**ASSIGNMENT:** Write out, from the entries below, exactly the lines that run between the lines holding "Virgen Del Rosario De San Nicolas" and "Urban Armor Gear", inclusive, and stop there.

**RECORD EXCERPTS:**
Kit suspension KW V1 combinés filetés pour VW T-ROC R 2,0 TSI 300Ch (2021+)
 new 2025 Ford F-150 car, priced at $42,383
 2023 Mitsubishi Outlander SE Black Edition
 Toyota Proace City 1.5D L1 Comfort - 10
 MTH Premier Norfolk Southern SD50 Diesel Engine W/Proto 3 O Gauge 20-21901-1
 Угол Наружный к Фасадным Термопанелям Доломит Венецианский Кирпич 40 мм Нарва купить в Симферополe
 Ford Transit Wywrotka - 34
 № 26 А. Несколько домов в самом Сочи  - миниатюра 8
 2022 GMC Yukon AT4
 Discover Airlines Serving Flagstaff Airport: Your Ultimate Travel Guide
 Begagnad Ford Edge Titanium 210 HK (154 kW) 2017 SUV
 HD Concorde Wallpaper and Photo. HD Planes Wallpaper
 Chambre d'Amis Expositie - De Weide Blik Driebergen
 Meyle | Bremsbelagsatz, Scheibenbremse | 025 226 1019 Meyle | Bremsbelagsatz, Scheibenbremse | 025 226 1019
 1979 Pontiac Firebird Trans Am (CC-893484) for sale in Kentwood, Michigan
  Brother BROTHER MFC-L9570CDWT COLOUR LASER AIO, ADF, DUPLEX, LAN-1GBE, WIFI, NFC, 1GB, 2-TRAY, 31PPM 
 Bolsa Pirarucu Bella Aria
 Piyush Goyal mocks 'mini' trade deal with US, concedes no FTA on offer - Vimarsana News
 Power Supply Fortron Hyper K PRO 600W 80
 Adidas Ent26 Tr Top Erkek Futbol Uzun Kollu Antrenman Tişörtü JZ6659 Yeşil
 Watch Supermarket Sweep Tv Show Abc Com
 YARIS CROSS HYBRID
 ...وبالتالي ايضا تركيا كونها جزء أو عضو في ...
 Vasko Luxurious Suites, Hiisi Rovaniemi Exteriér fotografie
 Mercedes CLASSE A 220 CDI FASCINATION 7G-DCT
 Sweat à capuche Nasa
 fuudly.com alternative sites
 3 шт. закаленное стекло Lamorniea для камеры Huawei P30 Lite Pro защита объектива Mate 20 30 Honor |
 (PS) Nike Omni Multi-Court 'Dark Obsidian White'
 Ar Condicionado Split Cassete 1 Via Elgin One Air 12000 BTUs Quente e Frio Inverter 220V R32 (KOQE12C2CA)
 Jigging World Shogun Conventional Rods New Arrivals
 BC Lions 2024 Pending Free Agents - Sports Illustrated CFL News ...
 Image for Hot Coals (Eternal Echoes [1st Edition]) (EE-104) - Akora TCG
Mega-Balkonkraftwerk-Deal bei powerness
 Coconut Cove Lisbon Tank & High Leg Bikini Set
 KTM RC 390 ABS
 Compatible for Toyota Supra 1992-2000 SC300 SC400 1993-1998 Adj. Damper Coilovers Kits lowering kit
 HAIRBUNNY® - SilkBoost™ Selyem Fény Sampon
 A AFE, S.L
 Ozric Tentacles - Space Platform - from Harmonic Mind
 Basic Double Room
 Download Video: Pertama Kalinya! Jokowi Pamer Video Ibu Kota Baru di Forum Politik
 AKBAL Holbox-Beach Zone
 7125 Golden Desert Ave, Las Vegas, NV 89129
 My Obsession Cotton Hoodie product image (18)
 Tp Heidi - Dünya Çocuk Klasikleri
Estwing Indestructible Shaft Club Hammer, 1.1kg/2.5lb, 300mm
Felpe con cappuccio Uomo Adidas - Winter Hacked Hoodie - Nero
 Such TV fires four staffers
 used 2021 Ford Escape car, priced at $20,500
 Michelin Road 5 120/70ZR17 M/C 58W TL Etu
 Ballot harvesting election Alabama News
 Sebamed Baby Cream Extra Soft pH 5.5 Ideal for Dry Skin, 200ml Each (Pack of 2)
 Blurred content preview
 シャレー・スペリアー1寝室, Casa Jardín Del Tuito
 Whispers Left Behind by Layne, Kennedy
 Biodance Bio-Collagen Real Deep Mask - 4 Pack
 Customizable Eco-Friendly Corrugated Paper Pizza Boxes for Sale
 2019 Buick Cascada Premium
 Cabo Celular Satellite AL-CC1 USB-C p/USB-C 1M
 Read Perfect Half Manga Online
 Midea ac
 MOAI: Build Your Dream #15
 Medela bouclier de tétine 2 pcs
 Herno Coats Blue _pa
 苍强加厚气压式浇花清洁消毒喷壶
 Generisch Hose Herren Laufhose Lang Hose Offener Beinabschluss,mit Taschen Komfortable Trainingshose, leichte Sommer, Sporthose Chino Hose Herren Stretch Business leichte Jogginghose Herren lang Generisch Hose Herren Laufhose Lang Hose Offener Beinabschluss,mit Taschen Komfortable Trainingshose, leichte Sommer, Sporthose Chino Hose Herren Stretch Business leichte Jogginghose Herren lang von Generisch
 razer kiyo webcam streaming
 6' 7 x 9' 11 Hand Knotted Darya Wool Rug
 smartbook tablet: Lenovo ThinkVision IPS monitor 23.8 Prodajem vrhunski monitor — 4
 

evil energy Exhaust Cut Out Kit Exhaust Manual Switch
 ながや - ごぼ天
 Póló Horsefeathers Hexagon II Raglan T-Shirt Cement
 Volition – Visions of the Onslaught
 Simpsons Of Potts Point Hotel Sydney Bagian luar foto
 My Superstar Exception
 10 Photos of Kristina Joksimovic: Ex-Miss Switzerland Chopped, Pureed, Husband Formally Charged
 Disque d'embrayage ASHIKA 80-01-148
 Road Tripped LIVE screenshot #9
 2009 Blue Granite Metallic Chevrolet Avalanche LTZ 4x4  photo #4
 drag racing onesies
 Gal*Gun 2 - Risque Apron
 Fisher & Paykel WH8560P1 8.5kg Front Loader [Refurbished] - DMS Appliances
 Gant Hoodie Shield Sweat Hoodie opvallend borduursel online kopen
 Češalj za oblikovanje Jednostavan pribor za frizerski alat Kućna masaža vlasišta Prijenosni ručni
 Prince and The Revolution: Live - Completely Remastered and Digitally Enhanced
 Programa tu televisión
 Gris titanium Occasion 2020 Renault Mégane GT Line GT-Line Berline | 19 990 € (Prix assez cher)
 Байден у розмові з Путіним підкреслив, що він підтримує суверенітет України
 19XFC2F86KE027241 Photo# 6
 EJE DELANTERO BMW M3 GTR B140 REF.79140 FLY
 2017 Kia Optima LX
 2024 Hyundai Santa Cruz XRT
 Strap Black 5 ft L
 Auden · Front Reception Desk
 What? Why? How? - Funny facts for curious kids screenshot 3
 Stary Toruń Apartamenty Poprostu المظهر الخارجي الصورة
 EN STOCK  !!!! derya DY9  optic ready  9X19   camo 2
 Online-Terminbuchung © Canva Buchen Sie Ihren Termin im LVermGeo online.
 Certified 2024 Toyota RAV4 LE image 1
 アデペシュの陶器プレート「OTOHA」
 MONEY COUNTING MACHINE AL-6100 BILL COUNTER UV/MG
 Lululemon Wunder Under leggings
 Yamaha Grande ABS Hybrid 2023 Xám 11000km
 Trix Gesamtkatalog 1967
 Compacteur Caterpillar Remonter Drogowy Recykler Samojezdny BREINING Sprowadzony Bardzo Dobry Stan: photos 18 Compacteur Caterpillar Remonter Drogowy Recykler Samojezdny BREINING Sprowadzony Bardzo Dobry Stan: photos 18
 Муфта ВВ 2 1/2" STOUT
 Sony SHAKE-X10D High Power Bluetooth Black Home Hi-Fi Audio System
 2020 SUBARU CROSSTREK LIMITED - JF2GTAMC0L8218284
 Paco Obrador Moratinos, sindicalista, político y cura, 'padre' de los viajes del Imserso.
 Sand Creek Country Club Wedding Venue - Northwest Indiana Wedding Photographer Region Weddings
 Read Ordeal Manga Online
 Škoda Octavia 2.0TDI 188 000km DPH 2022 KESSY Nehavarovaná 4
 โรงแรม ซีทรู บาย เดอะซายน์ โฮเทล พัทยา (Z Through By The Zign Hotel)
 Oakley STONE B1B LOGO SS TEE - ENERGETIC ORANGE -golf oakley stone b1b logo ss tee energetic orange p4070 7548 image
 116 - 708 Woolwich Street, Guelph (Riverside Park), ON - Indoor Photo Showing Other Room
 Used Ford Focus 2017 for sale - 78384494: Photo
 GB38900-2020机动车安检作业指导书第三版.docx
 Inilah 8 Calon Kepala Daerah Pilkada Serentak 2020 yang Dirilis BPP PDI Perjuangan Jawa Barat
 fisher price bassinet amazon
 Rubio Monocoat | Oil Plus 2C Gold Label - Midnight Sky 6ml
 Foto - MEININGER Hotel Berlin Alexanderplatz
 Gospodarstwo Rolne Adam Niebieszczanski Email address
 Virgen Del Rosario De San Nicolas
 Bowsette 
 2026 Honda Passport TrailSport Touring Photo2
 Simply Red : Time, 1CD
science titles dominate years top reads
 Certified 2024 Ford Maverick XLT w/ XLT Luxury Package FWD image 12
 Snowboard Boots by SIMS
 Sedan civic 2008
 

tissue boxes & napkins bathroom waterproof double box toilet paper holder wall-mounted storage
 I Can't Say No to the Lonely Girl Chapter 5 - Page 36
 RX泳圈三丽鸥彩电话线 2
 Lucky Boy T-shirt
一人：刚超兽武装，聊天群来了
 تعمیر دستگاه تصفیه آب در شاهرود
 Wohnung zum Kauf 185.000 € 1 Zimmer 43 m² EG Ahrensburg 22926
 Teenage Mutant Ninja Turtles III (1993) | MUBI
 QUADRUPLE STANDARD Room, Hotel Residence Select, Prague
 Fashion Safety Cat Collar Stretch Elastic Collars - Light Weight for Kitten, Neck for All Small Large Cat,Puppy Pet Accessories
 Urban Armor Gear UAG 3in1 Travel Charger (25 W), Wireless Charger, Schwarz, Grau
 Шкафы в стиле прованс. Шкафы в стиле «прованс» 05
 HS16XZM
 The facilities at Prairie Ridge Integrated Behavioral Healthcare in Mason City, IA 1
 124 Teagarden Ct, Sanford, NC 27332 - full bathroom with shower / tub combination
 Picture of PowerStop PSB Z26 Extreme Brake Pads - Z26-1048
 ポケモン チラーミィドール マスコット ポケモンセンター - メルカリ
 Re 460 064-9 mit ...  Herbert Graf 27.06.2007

**ANSWER SECTION:**
 Virgen Del Rosario De San Nicolas
 Bowsette 
 2026 Honda Passport TrailSport Touring Photo2
 Simply Red : Time, 1CD
science titles dominate years top reads
 Certified 2024 Ford Maverick XLT w/ XLT Luxury Package FWD image 12
 Snowboard Boots by SIMS
 Sedan civic 2008
 

tissue boxes & napkins bathroom waterproof double box toilet paper holder wall-mounted storage
 I Can't Say No to the Lonely Girl Chapter 5 - Page 36
 RX泳圈三丽鸥彩电话线 2
 Lucky Boy T-shirt
一人：刚超兽武装，聊天群来了
 تعمیر دستگاه تصفیه آب در شاهرود
 Wohnung zum Kauf 185.000 € 1 Zimmer 43 m² EG Ahrensburg 22926
 Teenage Mutant Ninja Turtles III (1993) | MUBI
 QUADRUPLE STANDARD Room, Hotel Residence Select, Prague
 Fashion Safety Cat Collar Stretch Elastic Collars - Light Weight for Kitten, Neck for All Small Large Cat,Puppy Pet Accessories
 Urban Armor Gear UAG 3in1 Travel Charger (25 W), Wireless Charger, Schwarz, Grau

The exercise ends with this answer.